YOUR INSTRUCTIONS: Would you transcribe the listing exactly as it stands, minus any images?
Segment Start: COLLECTED MATERIAL
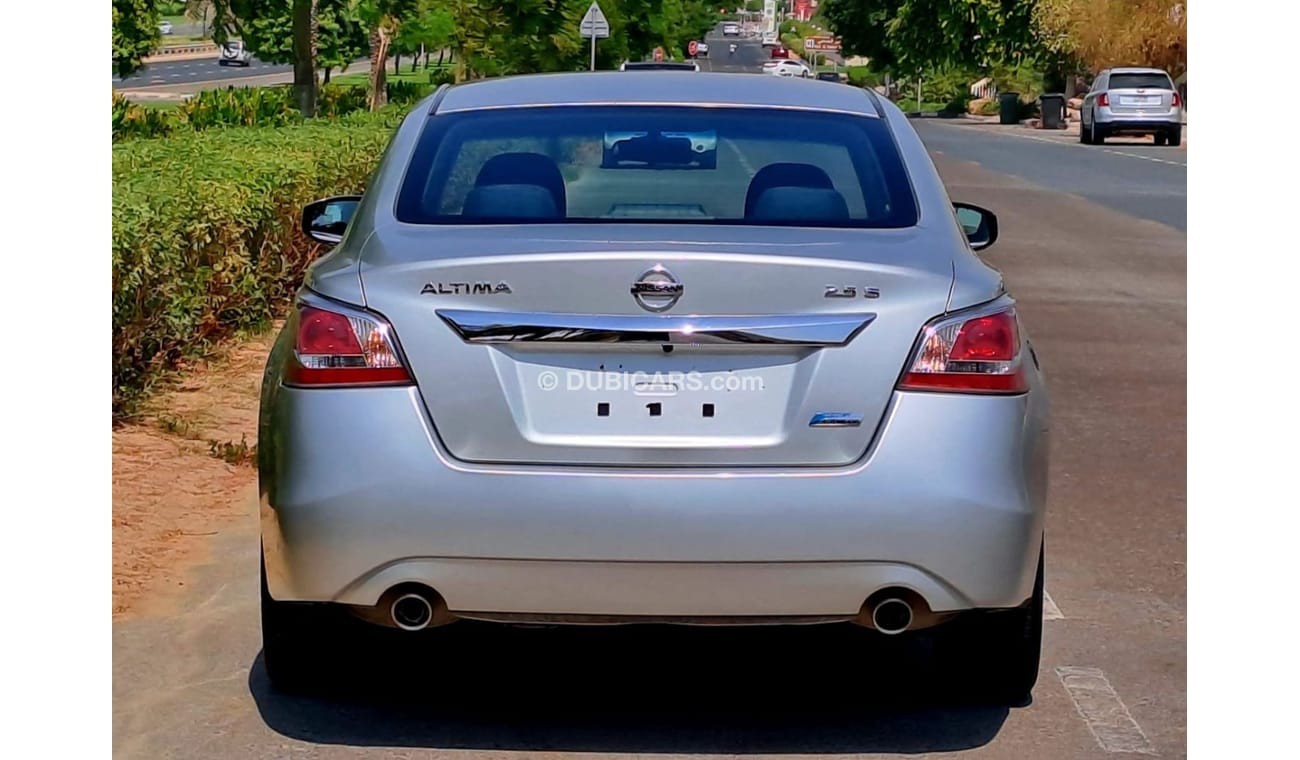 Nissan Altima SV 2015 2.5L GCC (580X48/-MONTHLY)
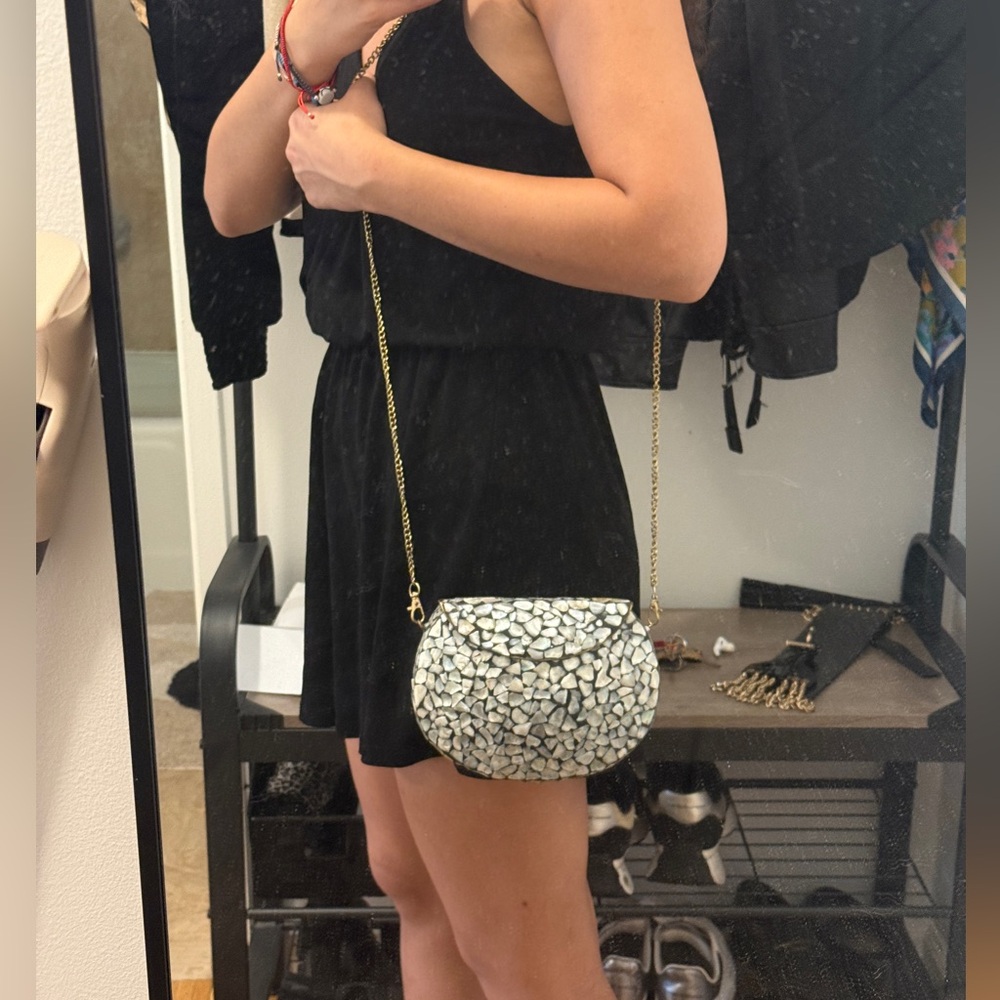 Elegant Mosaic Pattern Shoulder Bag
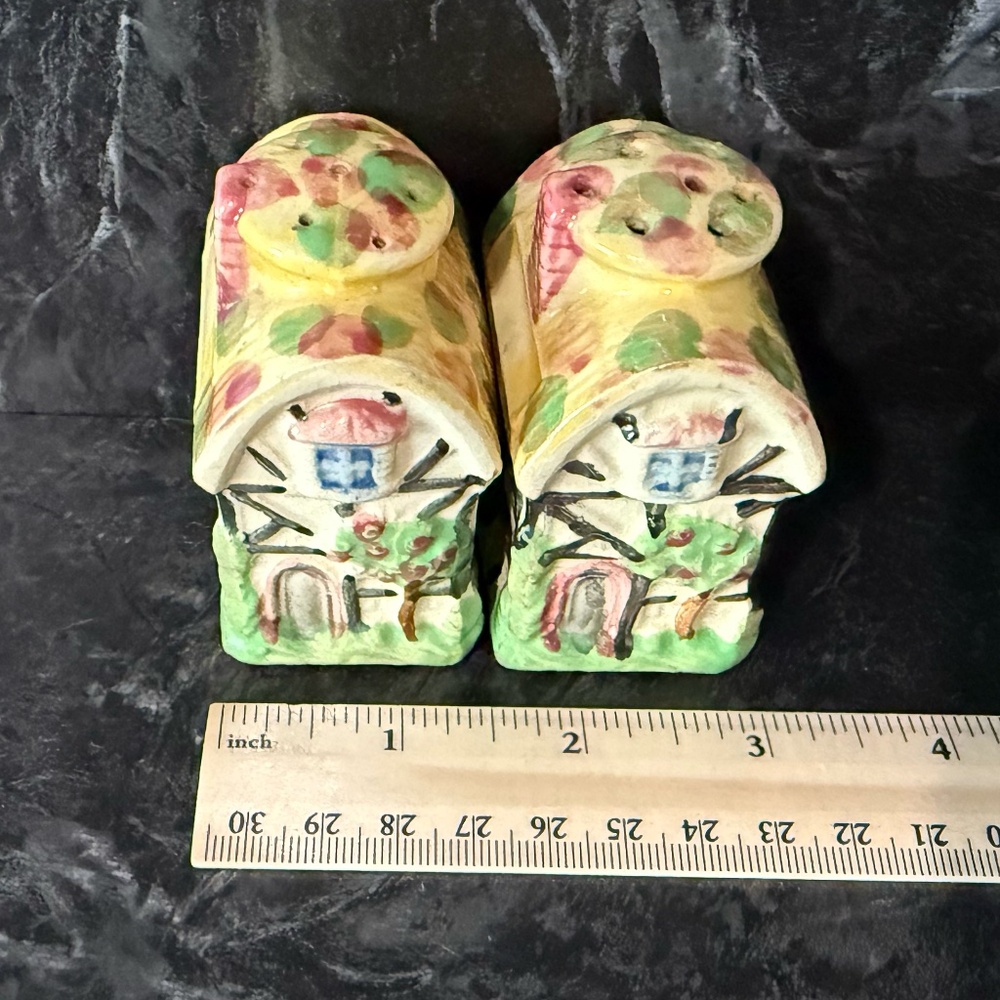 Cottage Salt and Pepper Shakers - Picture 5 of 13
Segment End: COLLECTED MATERIAL
RESPONSE FOR THIS EXERCISE:
 Nissan Altima SV 2015 2.5L GCC (580X48/-MONTHLY)
 Elegant Mosaic Pattern Shoulder Bag
 Cottage Salt and Pepper Shakers - Picture 5 of 13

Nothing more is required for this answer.